Work instruction: Look through the material below and count the lines with the string "Cross". Report only the count.

Provided entries:
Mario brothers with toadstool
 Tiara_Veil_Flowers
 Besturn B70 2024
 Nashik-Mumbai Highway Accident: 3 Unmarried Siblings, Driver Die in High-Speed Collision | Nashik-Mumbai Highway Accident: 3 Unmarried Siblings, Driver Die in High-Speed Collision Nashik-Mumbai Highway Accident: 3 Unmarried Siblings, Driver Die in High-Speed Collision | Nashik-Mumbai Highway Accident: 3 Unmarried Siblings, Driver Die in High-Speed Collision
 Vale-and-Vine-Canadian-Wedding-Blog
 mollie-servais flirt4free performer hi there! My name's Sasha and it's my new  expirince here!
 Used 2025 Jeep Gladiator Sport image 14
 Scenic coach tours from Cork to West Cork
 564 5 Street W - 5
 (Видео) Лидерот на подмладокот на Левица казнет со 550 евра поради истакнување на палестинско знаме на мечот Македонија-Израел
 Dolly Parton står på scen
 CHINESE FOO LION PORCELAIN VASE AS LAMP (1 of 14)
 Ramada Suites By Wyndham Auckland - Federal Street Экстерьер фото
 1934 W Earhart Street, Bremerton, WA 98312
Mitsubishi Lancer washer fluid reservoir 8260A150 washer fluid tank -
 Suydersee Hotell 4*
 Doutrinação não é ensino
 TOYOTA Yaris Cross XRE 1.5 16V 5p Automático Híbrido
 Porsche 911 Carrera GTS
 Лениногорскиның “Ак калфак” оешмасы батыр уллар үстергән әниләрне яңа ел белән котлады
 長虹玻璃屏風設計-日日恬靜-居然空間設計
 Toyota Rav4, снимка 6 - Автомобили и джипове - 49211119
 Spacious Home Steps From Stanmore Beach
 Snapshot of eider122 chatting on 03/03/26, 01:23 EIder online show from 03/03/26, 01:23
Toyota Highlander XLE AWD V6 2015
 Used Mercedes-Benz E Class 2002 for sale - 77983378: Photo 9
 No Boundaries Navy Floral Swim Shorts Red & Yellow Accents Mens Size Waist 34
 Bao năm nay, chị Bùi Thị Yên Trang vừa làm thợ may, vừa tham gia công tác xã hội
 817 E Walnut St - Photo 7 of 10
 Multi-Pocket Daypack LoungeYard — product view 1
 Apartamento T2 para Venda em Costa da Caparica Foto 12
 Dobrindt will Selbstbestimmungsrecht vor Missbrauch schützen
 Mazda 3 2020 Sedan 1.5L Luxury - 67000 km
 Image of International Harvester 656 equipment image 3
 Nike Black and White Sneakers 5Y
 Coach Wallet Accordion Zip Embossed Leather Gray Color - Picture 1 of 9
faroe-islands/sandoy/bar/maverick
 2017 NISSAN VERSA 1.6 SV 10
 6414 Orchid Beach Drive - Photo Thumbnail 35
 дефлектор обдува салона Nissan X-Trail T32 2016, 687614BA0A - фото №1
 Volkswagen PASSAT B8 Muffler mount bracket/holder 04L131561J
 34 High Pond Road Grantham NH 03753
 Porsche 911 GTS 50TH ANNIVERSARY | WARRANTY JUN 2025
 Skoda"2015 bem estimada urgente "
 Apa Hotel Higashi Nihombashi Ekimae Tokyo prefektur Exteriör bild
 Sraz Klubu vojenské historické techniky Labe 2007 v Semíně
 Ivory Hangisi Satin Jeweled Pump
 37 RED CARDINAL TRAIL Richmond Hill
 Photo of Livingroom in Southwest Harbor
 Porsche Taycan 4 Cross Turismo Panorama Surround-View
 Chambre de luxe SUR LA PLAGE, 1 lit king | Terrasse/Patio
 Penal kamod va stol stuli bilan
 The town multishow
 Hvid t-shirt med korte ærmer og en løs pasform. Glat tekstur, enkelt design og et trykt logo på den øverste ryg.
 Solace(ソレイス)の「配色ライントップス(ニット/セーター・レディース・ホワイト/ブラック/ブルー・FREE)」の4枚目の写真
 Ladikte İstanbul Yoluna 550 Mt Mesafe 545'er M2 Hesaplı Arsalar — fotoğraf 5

Task solution: 2